“The challenge is how to enhance and harmonize existing knowledge, skills, linkages, resources, strategies and structures.”
By ZOFIA LEAL
NAGA CITY — Members of the business sector, government, media, academe and civil society organizations from the different provinces in Luzon agreed to collaborate in enhancing disaster resilience of communities in the country.
Headed by the Asia Pacific Alliance for Disaster Management (A-PAD) Philippines, more than 50 participants attended the event on February 18-20 in Naga City.
In his welcome address, Carlos Padolina, deputy executive director of the Citizens’ Disaster Response Center (CDRC), highlighted the importance of the activity. CDRC and the Philippine Disaster Resilience Foundation are spearheading the formation of A-PAD Philippines aimed at promoting mutual collaboration and cooperation in disaster risk reduction and emergency response.
“A multi-stakeholder approach is what we need amidst various threats brought by natural and human-induced hazards. At present, both private and public sectors support communities to achieve disaster resilience. The challenge is how to enhance and harmonize existing knowledge, skills, linkages, resources, strategies and structures,” Padolina said.
Veronica Gabaldon, senior program manager of the Philippine Disaster Resilience Foundation, shared how business competitors work together as collaborators in terms of disaster management.
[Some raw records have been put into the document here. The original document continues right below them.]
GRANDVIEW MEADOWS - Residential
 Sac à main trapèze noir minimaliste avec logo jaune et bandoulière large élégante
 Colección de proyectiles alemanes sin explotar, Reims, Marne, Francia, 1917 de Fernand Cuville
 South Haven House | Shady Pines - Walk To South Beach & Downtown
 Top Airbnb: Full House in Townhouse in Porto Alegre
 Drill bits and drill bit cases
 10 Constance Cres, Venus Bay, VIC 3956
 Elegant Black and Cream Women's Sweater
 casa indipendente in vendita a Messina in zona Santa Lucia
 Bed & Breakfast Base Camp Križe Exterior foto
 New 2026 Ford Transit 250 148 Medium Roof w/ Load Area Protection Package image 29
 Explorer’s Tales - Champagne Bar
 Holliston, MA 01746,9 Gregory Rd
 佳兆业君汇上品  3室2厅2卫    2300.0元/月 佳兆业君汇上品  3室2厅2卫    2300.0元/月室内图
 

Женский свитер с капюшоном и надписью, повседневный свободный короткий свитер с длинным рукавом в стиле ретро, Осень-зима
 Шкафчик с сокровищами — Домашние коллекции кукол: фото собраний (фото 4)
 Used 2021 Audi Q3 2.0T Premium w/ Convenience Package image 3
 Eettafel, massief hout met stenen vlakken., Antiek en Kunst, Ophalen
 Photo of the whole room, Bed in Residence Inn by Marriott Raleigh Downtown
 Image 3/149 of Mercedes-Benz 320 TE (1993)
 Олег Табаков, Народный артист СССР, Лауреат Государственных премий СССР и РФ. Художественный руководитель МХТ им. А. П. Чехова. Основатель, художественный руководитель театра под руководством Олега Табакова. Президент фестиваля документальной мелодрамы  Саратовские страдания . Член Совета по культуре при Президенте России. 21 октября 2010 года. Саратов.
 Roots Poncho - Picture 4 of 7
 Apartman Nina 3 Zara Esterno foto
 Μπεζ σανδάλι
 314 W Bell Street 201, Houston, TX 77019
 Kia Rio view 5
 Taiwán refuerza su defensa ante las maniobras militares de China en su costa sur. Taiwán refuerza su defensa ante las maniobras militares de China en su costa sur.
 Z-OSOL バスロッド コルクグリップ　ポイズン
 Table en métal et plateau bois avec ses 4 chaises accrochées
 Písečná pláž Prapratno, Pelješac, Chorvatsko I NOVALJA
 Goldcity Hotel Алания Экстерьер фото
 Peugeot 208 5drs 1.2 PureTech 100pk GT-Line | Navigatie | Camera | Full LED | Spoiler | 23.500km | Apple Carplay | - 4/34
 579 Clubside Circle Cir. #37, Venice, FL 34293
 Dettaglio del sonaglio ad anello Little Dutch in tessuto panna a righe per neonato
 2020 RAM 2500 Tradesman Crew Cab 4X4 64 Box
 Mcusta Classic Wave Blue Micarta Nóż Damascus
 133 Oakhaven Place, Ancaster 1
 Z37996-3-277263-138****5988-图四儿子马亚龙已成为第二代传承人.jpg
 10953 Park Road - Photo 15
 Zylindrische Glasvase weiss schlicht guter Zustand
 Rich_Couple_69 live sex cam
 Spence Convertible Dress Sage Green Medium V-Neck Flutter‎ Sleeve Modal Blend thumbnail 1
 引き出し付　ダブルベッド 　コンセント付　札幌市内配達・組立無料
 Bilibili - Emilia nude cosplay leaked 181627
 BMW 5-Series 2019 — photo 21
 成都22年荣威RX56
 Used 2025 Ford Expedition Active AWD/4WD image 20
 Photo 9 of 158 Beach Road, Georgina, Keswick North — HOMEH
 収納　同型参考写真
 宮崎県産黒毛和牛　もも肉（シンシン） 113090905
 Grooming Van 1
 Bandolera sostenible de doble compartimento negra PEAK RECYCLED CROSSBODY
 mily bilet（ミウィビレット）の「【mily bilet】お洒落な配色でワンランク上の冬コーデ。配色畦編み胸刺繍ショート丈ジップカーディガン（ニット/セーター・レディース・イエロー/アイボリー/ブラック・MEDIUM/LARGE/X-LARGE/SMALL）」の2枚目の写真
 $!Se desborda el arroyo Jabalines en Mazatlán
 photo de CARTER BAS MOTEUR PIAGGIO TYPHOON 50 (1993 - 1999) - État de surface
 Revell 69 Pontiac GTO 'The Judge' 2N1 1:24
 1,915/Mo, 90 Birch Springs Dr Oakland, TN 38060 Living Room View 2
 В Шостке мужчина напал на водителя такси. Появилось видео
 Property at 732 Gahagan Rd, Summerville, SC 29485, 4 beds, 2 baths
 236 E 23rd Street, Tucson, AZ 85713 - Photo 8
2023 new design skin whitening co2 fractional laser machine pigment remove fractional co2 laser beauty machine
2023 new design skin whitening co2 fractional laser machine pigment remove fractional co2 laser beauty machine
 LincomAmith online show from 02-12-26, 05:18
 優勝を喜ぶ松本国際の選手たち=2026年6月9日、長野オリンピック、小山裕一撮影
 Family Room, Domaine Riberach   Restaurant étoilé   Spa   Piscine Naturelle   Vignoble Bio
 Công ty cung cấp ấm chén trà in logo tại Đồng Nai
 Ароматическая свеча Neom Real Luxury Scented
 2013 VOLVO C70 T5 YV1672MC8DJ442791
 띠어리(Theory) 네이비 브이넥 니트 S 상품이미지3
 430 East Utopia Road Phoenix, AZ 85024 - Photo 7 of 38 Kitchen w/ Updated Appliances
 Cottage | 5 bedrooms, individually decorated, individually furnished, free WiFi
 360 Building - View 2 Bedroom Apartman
Gabaldon cited Smart and Globe, both members of the PDRF, as an example.
Gabaldon also shared her thoughts on the inadequate attention given by businesses to prioritize disaster risk reduction and management. The challenge, according to Gabaldon, is how disaster management is seen as a business issue and it should be considered as a strategy to protect the growth potential of countries.
Coming from the academe, Dr. Janette Rodriguez of the Angeles University Foundation explained the integration of ecological education in the curriculum to generate researches that are responsive to current environmental concerns and issues. Aside from research, the university is also working on systematizing these initiatives as part of their community extension.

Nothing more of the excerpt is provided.